A team from the Département d'Astrophysique, in collaboration with the start-up Iris.AI, has shown that one could find, in select biology studies, some relevant information to better understand the interstellar medium. These results will soon appear in the Journal of Interdisciplinary Methodologies and Issues in Science.
The goal of this study was to explore the enigma of the Diffuse Infrared Bands (DIBs), a forest of hundreds of absorption bands in the visible range, whose origin is still unknown, exactly one century after their discovery in 1922. This pluridisciplinary team implemented the technique of Natural Language Processing (NLP), a branch of machine learning applied to the analysis of written texts. These bands are present as soon as we observe a stellar spectrum. A few years after their discovery, astrophysicists had understood that their origin was interstellar, because their intensity is correlated with the extinction by dust along the line of sight and independent of stellar characteristics. It is now known that DIBs must be carried by organic molecules of about 100 atoms, but it is not known which ones. The multidisciplinary team, made up of astrophysicists and developers of computational linguistics tools from the company Iris.AI, has implemented the technique of Automatic Language Processing (ALP), one of the branches of statistical learning that is applied to the analysis of written texts. They developed an artificial intelligence which read 1.5 million scientific articles from all fields, and specialized itself by reading the thousand of papers about DIBs.
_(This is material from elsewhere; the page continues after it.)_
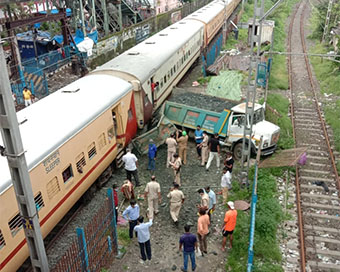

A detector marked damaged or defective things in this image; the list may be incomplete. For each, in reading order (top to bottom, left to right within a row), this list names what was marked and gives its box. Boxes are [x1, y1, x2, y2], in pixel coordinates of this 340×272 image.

rusty metal structure [286, 0, 340, 270]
This artificial intelligence pointed the researchers toward a dozen of publications, all in biology, measuring molecular transitions matching certain DIBs. These studies can be separated into two categories. A first series corresponds to studies of the visual pigments of diverse animals, including the elephant shark, the dolphin and some butterflies. The observed transitions of these pigments all originate from chromophores, a family of organic molecular groups. The second category deals with the heme molecule (which is at the basis of hemoglobin) or some of its derivatives. It happens that the existence in the interstellar medium of these two classes of molecules has been independently proposed in the literature, but the connection with DIBs had not been done, until now.
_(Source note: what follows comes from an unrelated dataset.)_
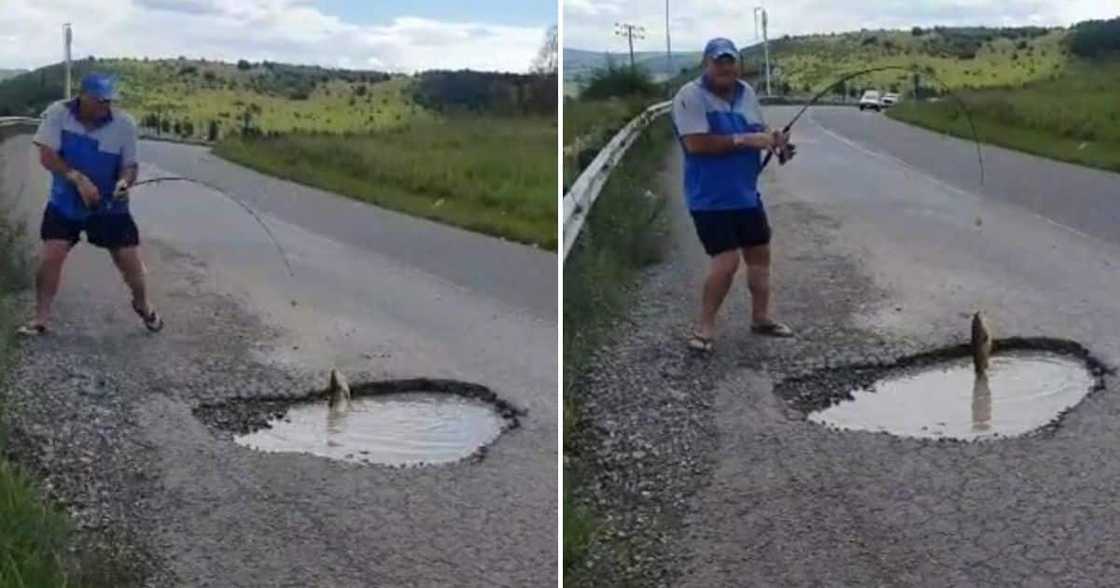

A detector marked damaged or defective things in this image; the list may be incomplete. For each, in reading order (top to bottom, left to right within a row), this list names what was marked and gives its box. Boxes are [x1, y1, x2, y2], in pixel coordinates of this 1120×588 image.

These results thus show us new research directions to isolate and study these families of molecules in the laboratory. Thanks to this proof of concept, the collaboration will now refine the code and explore a larger database of bibliographic data. This study also demonstrate the relevance of NLP to make sense out of interdisciplinary information in order to propose new ideas, a method that will likely become more important with the development of artificial intelligence.